4.6.2 Quantitative analysis for Fig. 9

The CRR (correct rate of recognition) by OCR is defined as:

$$\begin{aligned} {\text {CRR}}=\frac{N_{\hbox {crc}} }{N_{\text {total}} }\times 100{\% } \end{aligned}$$
(19)

where \(N_\mathrm{crc} \) is the number of correctly recognized characters and \(N_\mathrm{total} \) is the total number of characters.

Table 6 shows the CRRs for the original gray image and binary images of the four algorithms in ABBYY FineReader and Free OCR.

The combination of Fig. 9 and Table 6 shows that the original gray image with its non-uniform illumination has a very low rate of recognition in Free OCR. The binary image created by Otsu’s method only has a 63% correct rate in the two OCRs because of its black area on the right side of the image. Although the images binarized by Sauvola and Pietikainen’s and Singh et al.’s methods segment the characters, there is a problem in that the characters are stuck together, are incomplete, or have broken strokes. Hence, the images binarized by Sauvola and Pietikainen’s and Singh et al.’s methods have a high error rate for both OCRs. However, the images produced by the proposed method have clear and complete characters that are easy to identify. The OCR programs can achieve a more than 99.5% recognition rate.

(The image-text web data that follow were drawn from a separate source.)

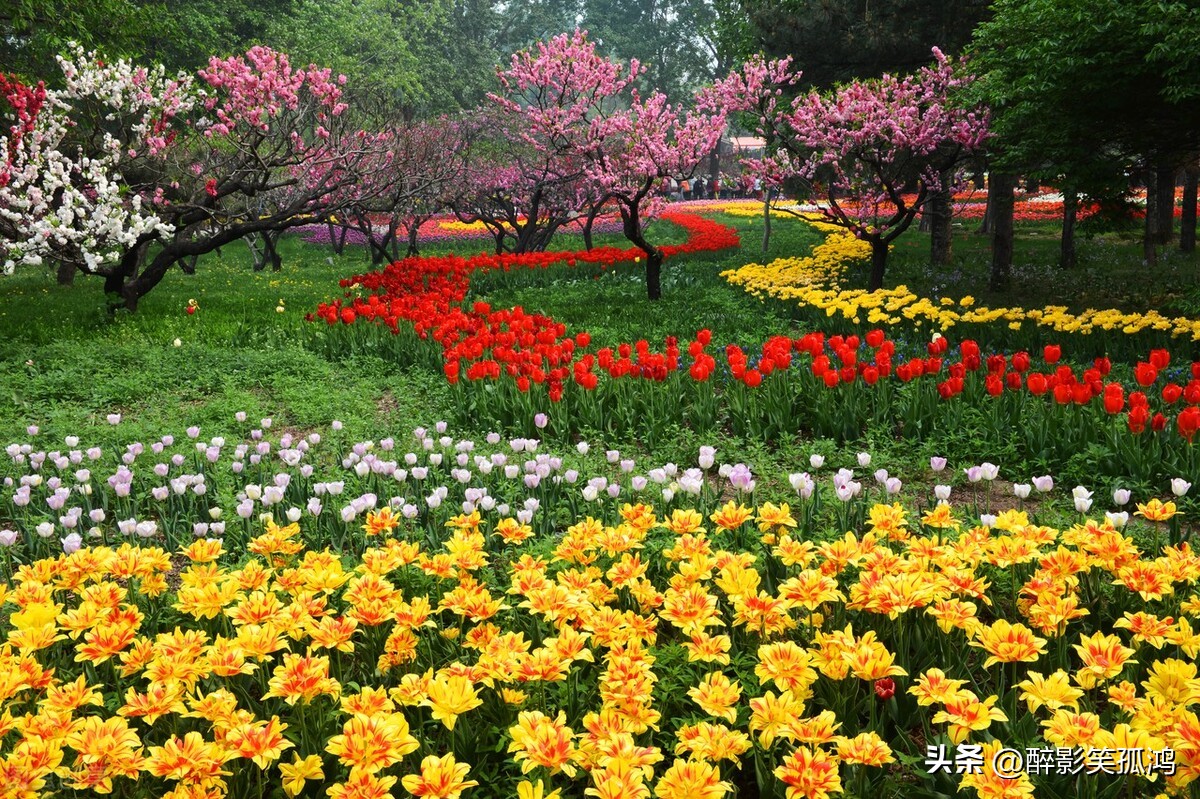 三年级上册语文花的学校重点讲解,三年级上册花的学校课文讲解重点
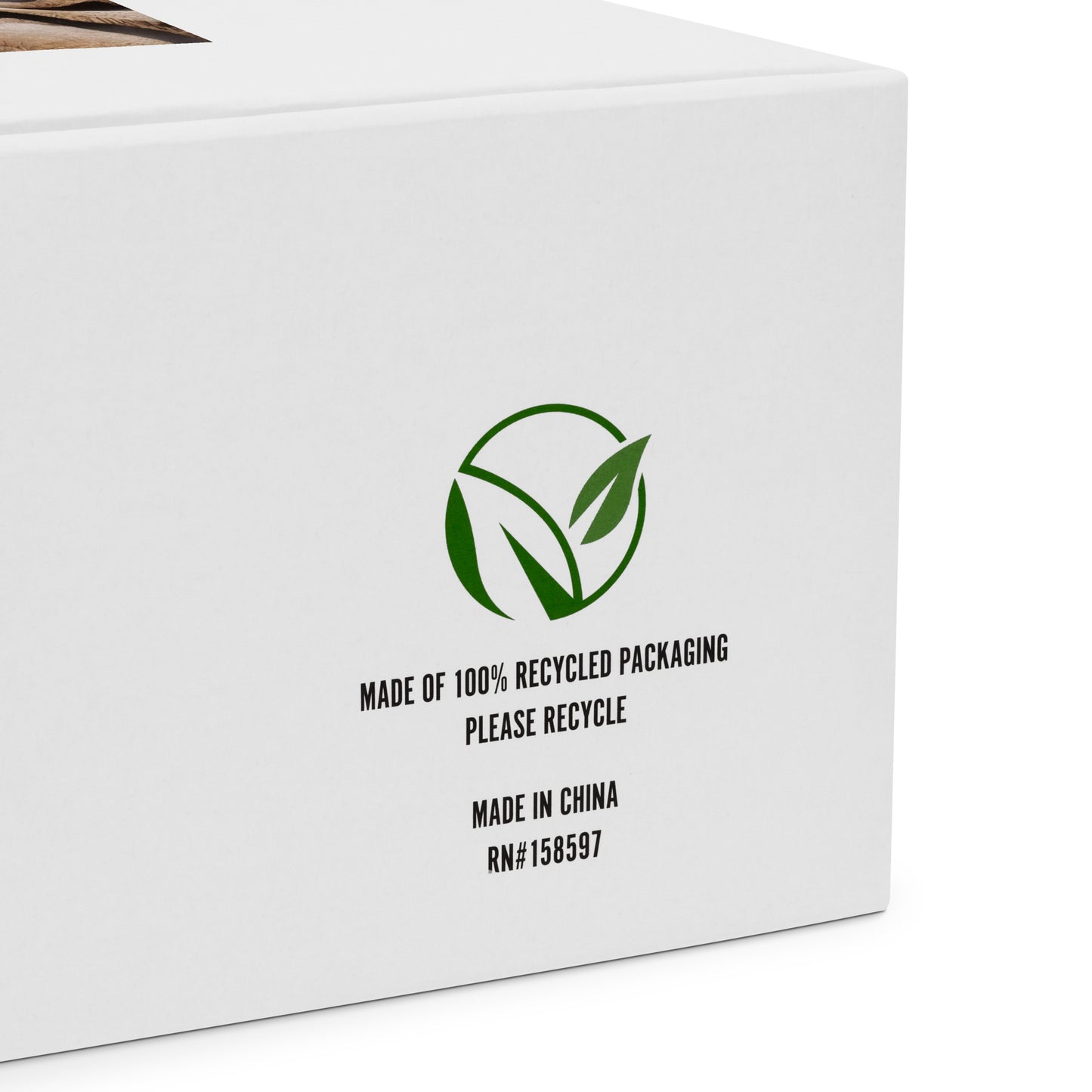 Men's High Top Canvas Shoes - Desert Dreams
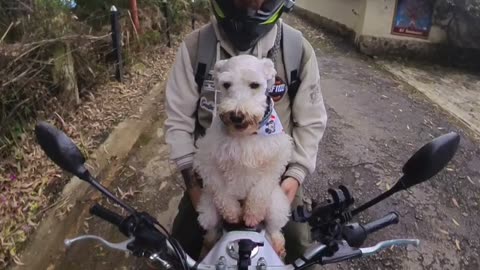 Pup Begs For Motorcycle Ride With Dad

Table 8 Recognition rate of various algorithms by Free OCR

4.6.3 Quantitative analysis for images in datasets

At the same time, in order to further test the generality of proposed algorithm, this paper tested all printed images in datasets. Table 7 and Table 8 show the CRRs of the four algorithms in ABBYY FineReader and Free OCR. From the tables, it can be seen that the proposed algorithm gains the highest average CRR, and it is about 4.5% higher than the second highest one by original. The reason for this phenomenon is that other three algorithms have very low correct rates for some individual images, and it leads the average CRRs are pulled down. For example, the 2011-PR7 processed by Otsu’s and Singh et al.’s methods, the 2011-PR6 processed by Sauvola and Pietikainen’s and Singh et al.’s methods, the CRRs in above images are all 0 percentage. However, this is the case because many characters binarized by other three algorithms were broken in strokes. For instance, e was binarized as c, m was binarized as ni, etc. The images with broken strokes can still have a higher F-measure and PSNR. But, OCR will recognize a wrong character. So, it occurs with a higher F-measure, a higher PSNR, and a lower CRR. This illustrates that the above three algorithms have limitations for some images and may not have a good recognition in troubled times. However, the proposed method is universal and has a relatively good recognition accuracy for most images. Meanwhile, the average recognition accuracy by our proposed method is the highest; these OCR results show the effectives of the proposed binarization technique.

5 Conclusion

Using the difference of gray contrast between regions, the method proposed in this paper adaptively divides significant areas and comparatively significant areas. For significant areas, weak contrast enhancement is used to magnify the difference between the foreground and background. Meanwhile, weak contrast enhancement is able to reduce noise in the results. For comparatively significant areas, strong contrast enhancement is used to adjust gray values so that the method can easily distinguish between foreground and background, and clear characters can be separated. Hence, no matter the type of area (including variable background, non-uniform illumination, and bleed-through), there is always an appropriate method that will achieve satisfactory results. Furthermore, the proposed method is particularly effective for degraded document images with bleed-through and severely uneven illumination. The experimental results show that, in the results obtained from DIBCO image set processed by the six algorithms, the binarized images handled by the proposed method have clear and complete characters as well as mostly noise-free backgrounds. Meanwhile, the images binarized using the proposed algorithm achieve the highest F-measure and PSNR. When compared with the OCR results of four top binarization methods, the proposed method obtains the highest CRR.